[Provided information — start]
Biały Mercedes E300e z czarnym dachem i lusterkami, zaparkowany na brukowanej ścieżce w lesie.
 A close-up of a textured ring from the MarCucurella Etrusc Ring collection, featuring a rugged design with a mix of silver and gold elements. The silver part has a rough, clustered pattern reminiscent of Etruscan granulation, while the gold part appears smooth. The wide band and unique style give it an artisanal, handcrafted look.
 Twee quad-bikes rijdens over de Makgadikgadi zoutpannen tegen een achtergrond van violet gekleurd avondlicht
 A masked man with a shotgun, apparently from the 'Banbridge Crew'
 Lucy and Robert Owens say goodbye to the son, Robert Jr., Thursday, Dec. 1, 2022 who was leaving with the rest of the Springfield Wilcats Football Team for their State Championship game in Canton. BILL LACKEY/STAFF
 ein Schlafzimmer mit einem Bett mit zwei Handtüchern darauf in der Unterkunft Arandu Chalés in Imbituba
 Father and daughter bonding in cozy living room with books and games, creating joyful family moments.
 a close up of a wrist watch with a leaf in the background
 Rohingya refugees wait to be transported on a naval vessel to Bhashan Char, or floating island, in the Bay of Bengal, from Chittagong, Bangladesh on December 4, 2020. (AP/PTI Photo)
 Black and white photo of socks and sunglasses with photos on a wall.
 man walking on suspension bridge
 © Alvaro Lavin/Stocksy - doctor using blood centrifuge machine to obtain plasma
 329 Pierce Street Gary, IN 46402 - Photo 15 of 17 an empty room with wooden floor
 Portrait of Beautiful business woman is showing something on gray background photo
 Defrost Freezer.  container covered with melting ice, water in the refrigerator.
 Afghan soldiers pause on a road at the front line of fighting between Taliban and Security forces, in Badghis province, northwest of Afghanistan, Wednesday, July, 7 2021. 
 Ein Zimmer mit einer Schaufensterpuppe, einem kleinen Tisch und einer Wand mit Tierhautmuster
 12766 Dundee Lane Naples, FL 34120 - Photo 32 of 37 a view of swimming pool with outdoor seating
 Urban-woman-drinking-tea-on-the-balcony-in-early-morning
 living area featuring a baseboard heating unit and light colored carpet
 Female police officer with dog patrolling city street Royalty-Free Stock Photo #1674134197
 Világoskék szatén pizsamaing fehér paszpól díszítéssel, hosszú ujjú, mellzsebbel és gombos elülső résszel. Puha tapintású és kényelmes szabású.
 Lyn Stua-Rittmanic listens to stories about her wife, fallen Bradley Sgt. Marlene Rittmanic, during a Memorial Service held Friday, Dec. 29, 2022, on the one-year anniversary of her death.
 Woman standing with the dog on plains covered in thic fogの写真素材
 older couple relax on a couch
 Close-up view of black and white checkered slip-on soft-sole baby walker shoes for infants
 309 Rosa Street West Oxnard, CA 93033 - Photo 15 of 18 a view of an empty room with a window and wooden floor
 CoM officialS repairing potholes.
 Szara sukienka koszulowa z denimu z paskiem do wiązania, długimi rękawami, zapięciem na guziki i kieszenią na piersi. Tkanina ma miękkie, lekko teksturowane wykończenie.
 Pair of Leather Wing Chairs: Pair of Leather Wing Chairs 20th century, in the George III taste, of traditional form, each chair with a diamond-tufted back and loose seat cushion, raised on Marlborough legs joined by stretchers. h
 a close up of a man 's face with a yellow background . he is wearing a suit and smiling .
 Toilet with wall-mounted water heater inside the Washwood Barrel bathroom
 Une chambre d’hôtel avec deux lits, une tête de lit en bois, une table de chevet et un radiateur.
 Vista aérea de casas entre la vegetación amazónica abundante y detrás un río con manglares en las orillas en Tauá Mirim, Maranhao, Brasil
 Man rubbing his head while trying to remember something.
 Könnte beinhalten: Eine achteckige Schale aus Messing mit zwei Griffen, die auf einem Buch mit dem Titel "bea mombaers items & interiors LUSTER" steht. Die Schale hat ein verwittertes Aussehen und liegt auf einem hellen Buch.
[Provided information — finish]
#### [Brief]
Among the lines of the data, which ones contain the word "zwei"? Show them.

#### [Answer to this exercise]
 ein Schlafzimmer mit einem Bett mit zwei Handtüchern darauf in der Unterkunft Arandu Chalés in Imbituba
 Könnte beinhalten: Eine achteckige Schale aus Messing mit zwei Griffen, die auf einem Buch mit dem Titel "bea mombaers items & interiors LUSTER" steht. Die Schale hat ein verwittertes Aussehen und liegt auf einem hellen Buch.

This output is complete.